In the world of conference education, the future is not necessarily about the next technology gadget or innovative session format.
It’s about something that is as old as disco balls, platform shoes and shag carpeting: peerology.
SME — Subject Matter Experts — has long been an important component of education session development. But it’s time “SME” stood for something else: Subject Matter Experienced. And that leads us to peerology.
Peerology — peers learning together — allows organizations to engage individuals at a level that can actually change people’s brains. That’s right, science now shows that this peer engagement causes our brains to rewire and grow. When peerology is used in the right situations, it has the ability to transform participants in an amazing way.
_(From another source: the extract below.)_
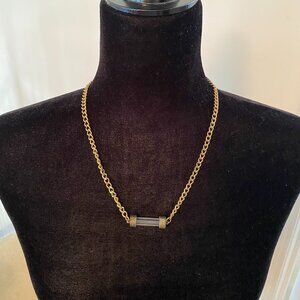 Unique Antique Gold Necklace 20" w/ extender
The concept of peerology — also known as paragogy or peeragogy — has been around since the 1970s, but it has taken on a new role in conferences as we have evolved from a passive to more participatory culture. Attendees are no longer satisfied with listening to a speaker drone on and on. They want to be active participants in their own learning as they construct their own mental maps of the topic at hand.
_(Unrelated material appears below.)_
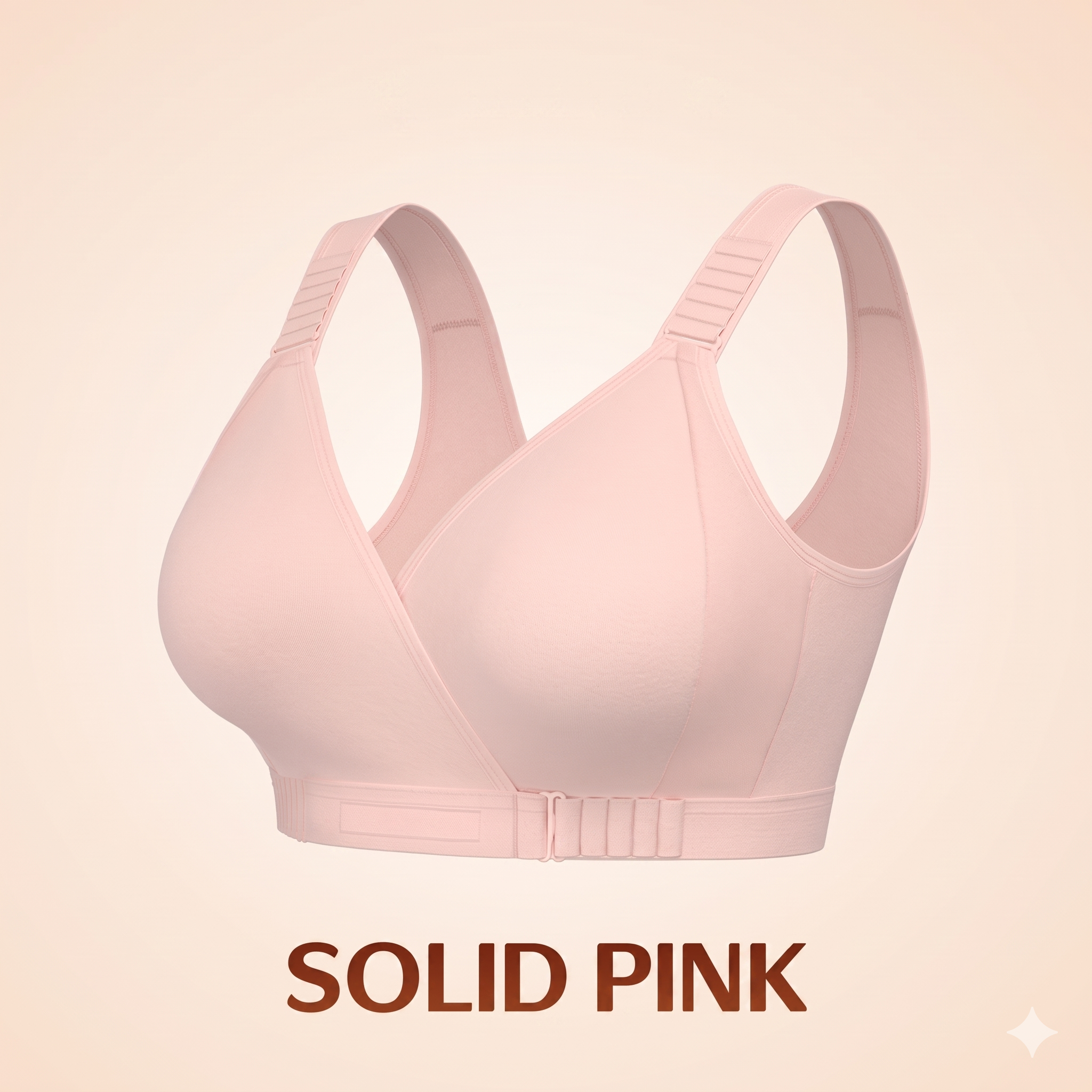 Ultimate Comfort Front -Wrap Bra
Peerology is simply about peers sharing with each other, discussing content, making sense of information and collaboratively working together. It means that there is less talk from the front of the conference room and more buzz as people communicate and collaborate together. Peerology is not when a speaker allows the audience to ask questions. That’s just standard Q & A and is still a passive experience for most of the audience — except for the person asking and the person answering the question. Peerology is when peers construct their own meanings and context of information presented together in pairs, triads, or small groups.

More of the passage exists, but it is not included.